At age 17 she married 42-year-old World War I veteran Moses Royston and began work as a cleaning lady in Squirrel Hill before being widowed at a young age, like her own mother.
Her sister Ada had helped her learn to read, and she passed a U.S. Postal Service exam. She would work nights sorting mail at the postal depot on California Avenue on the North Side and take all the weekend, night and holiday overtime she could get.
"Everybody laughs at me for the hours I work," she told the Post-Gazette's Sally Kalson in 1986. "But when people didn't want to give money for the things I wanted to do, I could always pay for them myself."
Those things were largely seedlings and books. Mrs. Royston bought an estimated $7,000 to $10,000 worth of seedlings annually and distributed them in such poor black city neighborhoods as East Liberty, Homewood, Hazelwood, Garfield, Glen Hazel, the Hill District, South Oakland and also parts of the North Side.
She also paid for tutors and books -- she personally had five sets of encyclopedias -- for extra study sessions for neighborhood kids at her house.
If children stayed out late and were sleeping through school she rapped on their windows to wake them.
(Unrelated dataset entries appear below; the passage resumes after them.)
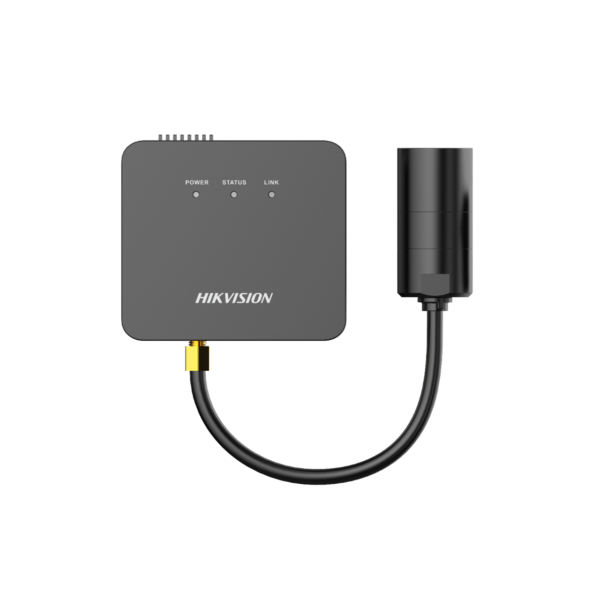 ds-2cd6445g1-30-2-8mm-2m3ac6d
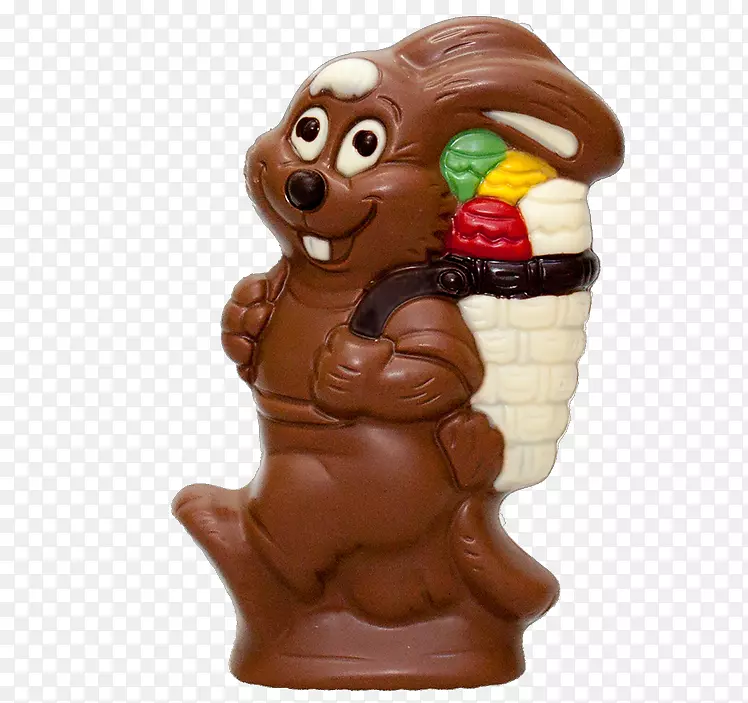 �ɿ���������-�ɿ���-������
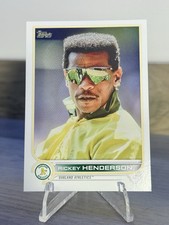 2022 Topps Update Baseball Variations Checklist Gallery 162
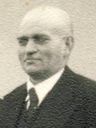 Record image of Johann Heinrich Happel
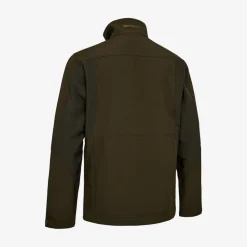 Rogaland softshelljakke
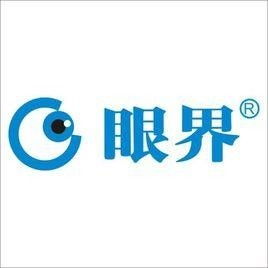 安徽眼界商业设计咨询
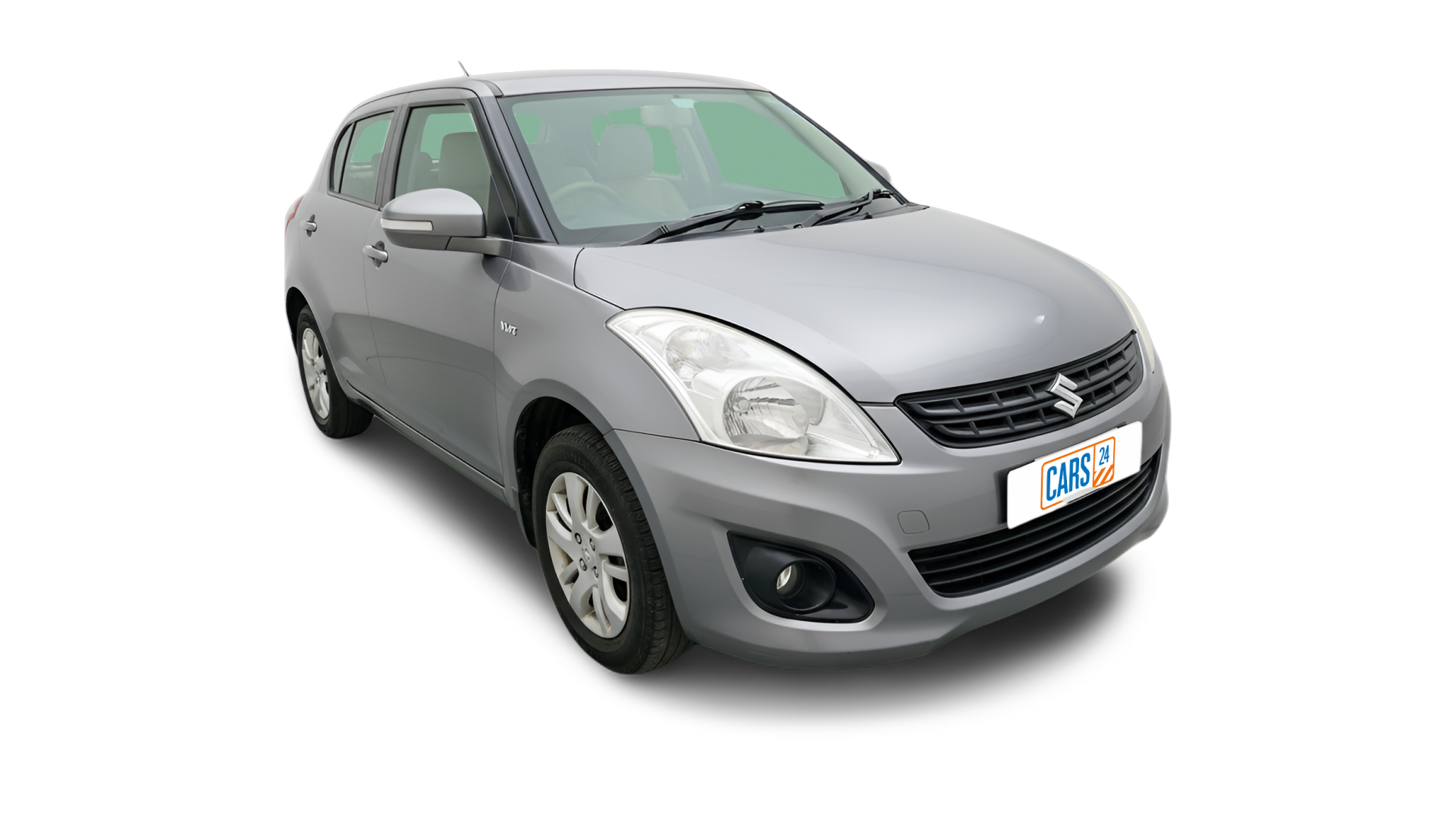 Maruti Swift Dzire-img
Wearing clothes she made herself -- some copied from outfits she saw at Saks while walking to work -- she lectured neighborhood men in bars for drinking too much.
"When folks tell me I can't do something, I just go and do it anyway. And you know what? I've outlasted a lot of them -- and I've out-dressed 'em, too," she told the Post-Gazette in 1986.
She retired from the Postal Service at age 70. Mrs. Royston outlived all her siblings, close relatives and friends and suffered from dementia the last two decades, during which she was cared for by Ursuline Senior Services.
"The problems Fannie Royston has addressed are local. But the poverty, ignorance, hunger and prejudice she fights exist throughout America," the late U.S. Sen. John Heinz, R-Pa., said at her Jefferson Award ceremony, held in the East Conference Room at the high court. "We can learn a lot from Fannie Royston. I hope we do."
In addition to her daughter, she is survived by son Charles of Bloomfield.
A wake is scheduled for 12:30 p.m. Wednesday at the Samuel E. Coston Funeral Home, 427 Lincoln Ave., Larimer, with a funeral service following at 1:30 p.m.